All lines from the one containing "Trevor Letowski Arizona" through the last line of the listing below are to be copied exactly. Exclude the pictures.

*** Opening INPUT ***

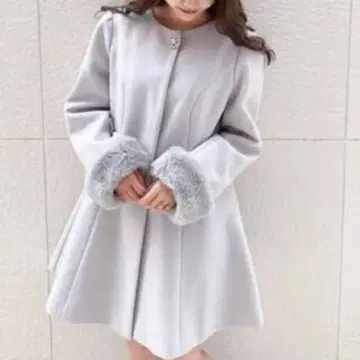 에블린 evelyn 2023 비쥬 코트 S 사이즈 아이스 그레이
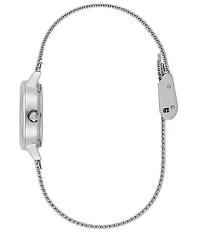 Olivia Burton Mini Quartz Analog Stainless Steel Mesh Bracelet Watch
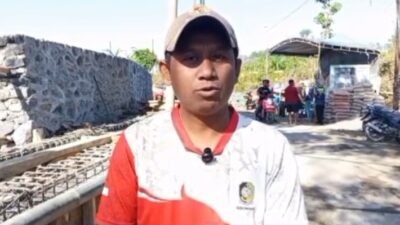 Malu Bertanya, Malu Bekerja? Jembatan Vital Penghubung Dua Desa di Banyuwangi Dibangun Murni Swadaya, Pemerintah Daerah Tampak “Tidur”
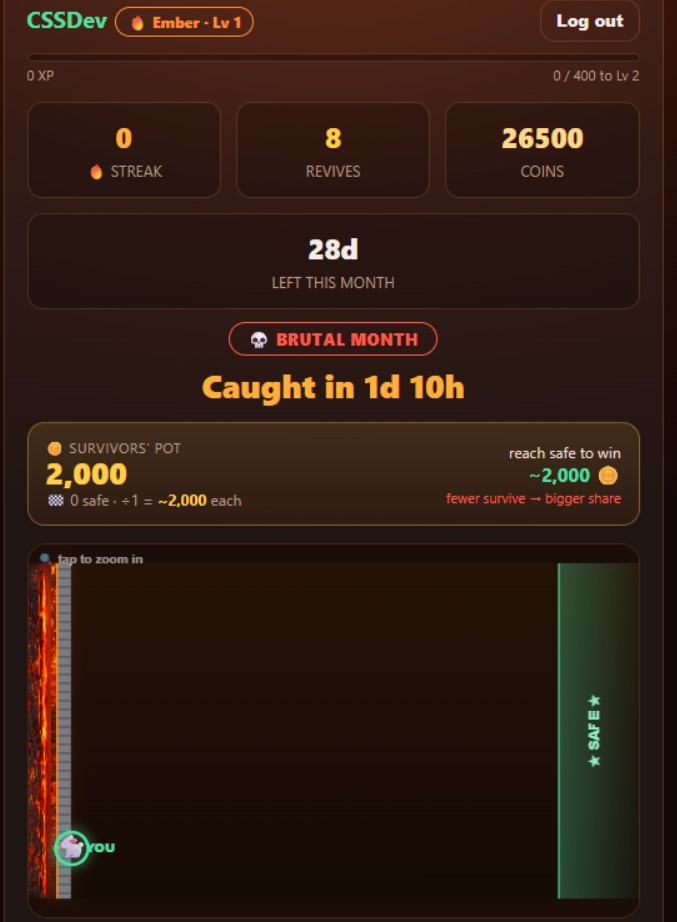 The Lava Escape · Screenshot 1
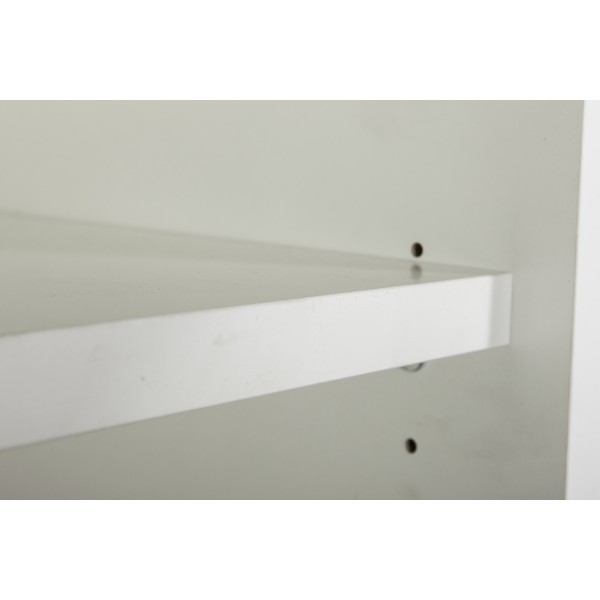 Dettaglio ripiano Libreria in legno colore Bianco Laccato 2 ante e 6 vani modello Toronto Totò Piccinni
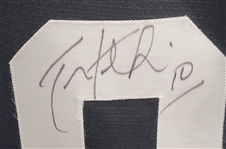 Trevor Letowski Arizona Coyotes Practice Used & Autographed Jersey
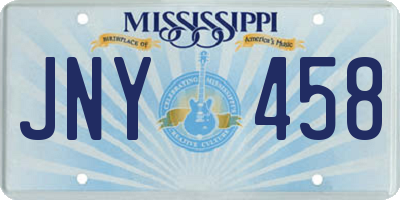 MS license plate JNY458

*** Closing INPUT ***

YOUR RESPONSE:
 Trevor Letowski Arizona Coyotes Practice Used & Autographed Jersey
 MS license plate JNY458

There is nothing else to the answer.